This is the conservative perspective. It has become, somewhat surprisingly, a controversial one these days, to be sure, and it’s one that supporters of same-sex marriage reject entirely. But at this stage of the debate, Americans who hold these views don’t expect those on the other side of the debate to be persuaded on the merits, at least in the short term. The Left has already won on marriage, after all, at the Supreme Court, and a constitutional amendment or Supreme Court reversal doesn’t seem to be in the cards for now. So what matters now is not so much whether the conservative perspective will win out but rather whether it will even be tolerated in polite society.
To expel its proponents would be to cast out Rick Warren, “America’s most powerful religious leader,” according to Time.
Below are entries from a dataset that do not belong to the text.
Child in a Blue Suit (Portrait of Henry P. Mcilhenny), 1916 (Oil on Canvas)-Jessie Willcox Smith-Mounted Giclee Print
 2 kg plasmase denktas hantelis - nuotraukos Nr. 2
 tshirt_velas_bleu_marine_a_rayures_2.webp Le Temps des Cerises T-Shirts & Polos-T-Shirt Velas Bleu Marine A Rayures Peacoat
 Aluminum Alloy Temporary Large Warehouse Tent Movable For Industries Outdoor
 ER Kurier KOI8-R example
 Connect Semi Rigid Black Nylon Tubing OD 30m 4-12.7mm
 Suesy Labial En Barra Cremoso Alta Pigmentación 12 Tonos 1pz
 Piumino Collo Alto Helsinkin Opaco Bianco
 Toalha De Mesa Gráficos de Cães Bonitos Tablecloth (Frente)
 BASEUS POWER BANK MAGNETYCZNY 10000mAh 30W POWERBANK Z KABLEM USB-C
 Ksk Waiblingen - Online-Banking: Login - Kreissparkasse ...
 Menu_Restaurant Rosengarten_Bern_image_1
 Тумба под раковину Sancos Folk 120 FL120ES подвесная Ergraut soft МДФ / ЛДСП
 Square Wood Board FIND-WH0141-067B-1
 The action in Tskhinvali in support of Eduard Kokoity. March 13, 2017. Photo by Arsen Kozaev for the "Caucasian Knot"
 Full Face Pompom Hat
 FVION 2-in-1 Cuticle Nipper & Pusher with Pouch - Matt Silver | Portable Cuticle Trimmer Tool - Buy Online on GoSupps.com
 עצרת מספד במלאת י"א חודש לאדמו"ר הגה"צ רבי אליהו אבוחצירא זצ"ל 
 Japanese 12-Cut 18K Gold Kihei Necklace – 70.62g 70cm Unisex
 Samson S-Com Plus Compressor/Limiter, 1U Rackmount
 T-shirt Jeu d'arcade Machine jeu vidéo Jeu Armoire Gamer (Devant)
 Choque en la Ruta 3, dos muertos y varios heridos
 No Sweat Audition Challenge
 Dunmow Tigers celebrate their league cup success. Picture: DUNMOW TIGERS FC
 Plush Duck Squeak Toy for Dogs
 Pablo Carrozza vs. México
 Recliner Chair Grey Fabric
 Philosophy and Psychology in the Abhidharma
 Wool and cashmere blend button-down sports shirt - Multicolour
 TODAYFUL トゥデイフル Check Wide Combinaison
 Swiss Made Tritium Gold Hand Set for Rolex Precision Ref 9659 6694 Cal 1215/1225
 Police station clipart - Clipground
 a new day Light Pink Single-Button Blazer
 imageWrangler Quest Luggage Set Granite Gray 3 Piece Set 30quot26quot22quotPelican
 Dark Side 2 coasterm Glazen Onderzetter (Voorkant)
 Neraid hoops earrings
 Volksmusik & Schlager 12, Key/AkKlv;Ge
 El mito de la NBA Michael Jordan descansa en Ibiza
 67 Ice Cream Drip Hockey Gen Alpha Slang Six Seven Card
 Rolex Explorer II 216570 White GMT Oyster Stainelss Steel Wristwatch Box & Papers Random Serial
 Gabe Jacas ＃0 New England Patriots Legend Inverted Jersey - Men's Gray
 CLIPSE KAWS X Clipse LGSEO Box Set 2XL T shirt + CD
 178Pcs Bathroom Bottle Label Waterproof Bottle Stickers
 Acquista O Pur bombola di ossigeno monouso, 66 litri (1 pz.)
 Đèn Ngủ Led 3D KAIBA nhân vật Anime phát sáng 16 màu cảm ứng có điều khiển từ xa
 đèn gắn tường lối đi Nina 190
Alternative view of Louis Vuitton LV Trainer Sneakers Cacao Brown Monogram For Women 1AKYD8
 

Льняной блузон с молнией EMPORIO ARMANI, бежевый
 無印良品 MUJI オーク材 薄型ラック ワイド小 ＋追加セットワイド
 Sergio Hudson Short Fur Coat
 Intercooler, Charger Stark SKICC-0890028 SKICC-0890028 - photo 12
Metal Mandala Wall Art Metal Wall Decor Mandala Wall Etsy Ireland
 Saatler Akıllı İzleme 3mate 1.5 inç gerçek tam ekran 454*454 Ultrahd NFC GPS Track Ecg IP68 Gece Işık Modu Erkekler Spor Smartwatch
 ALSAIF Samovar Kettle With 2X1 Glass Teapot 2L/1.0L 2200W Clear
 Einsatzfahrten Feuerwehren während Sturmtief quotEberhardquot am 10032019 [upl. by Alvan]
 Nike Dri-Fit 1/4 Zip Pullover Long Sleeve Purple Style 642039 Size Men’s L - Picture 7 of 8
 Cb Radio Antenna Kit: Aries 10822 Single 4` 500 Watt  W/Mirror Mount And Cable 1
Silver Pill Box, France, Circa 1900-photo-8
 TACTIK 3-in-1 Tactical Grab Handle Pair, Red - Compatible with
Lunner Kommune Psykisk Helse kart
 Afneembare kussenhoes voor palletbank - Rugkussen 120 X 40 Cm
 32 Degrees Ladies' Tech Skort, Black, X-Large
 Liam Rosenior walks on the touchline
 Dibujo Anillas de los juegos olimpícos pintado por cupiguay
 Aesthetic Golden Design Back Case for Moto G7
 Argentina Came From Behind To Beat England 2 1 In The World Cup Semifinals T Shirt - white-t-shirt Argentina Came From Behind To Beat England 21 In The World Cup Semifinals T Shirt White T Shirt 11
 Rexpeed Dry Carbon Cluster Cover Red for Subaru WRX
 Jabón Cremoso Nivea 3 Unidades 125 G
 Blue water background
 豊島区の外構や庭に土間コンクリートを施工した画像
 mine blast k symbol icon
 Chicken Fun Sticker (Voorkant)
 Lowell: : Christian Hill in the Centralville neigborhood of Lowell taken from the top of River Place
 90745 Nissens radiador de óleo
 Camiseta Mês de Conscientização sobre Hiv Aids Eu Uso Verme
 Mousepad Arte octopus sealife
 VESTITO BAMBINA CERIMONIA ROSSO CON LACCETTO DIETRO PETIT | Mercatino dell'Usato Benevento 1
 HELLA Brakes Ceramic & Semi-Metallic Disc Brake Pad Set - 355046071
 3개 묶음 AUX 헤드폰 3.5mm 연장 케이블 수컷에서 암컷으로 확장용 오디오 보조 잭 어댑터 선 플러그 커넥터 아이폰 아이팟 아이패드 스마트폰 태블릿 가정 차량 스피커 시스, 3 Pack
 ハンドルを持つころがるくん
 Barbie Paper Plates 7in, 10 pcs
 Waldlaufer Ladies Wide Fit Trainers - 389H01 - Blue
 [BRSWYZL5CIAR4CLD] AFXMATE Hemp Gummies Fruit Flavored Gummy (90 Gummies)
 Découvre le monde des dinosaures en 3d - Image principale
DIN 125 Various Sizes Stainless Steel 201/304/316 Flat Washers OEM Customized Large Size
When President Obama announced that Warren would deliver the invocation at his first Inauguration, groups like People for the American Way objected on the grounds of his departure from “consistent mainstream values.” Seven years later, it’s hard to imagine a Hillary Clinton transition team, if there is one, disagreeing.
It would mean excluding from professional life people like Brendan Eich, the former CEO of Mozilla, who lost his job after his views on the definition of marriage were uncovered by same-sex marriage activists. Eich didn’t just avoid bringing his personal perspective on marriage into the workplace; he made an active effort to show solidarity with progressive-leaning employees, sponsoring a tech accelerator for “Underemployed, LGBTQ, Latin@, and African American populations” and preaching the language of tolerance and inclusion with Mozilla. None of it was enough, because Eich was “on the wrong side of history” when it came to marriage. He was forced to step down as CEO, and any Fortune 500 executive who steps out of line now risks a similar fate.
It would mean, as contemplated by Verilli, a new round of scrutiny for most private religious schools, despite the fact that tax-exempt religious charities are the bedrock of American civil society. Religious public employees will now be suspected, unless proven otherwise, of harboring ill intent toward gays and lesbians.
It would mean creating a culture that makes good people and institutions out to be evil, teaching our children that the friendly Catholic neighbors across the street are morally suspect, that the religious immigrant family warrants suspicion for bringing alien, socially conservative values into the community, that those bearing Bibles shouldn’t be trusted by Americans who believe in the gospel of tolerance.
Given marriage’s centrality to the religious teachings of so many of the faith communities that form the bedrock of American civil society, it’s hard to exaggerate the threat to religious freedom posed by the shifting mores that have been unleashed by changing attitudes on same-sex marriage. No matter one’s perspective on the marriage question itself, the threat that this issue will isolate people of faith in a country whose founding ideals made religion central to its self-understanding should give all of us pause.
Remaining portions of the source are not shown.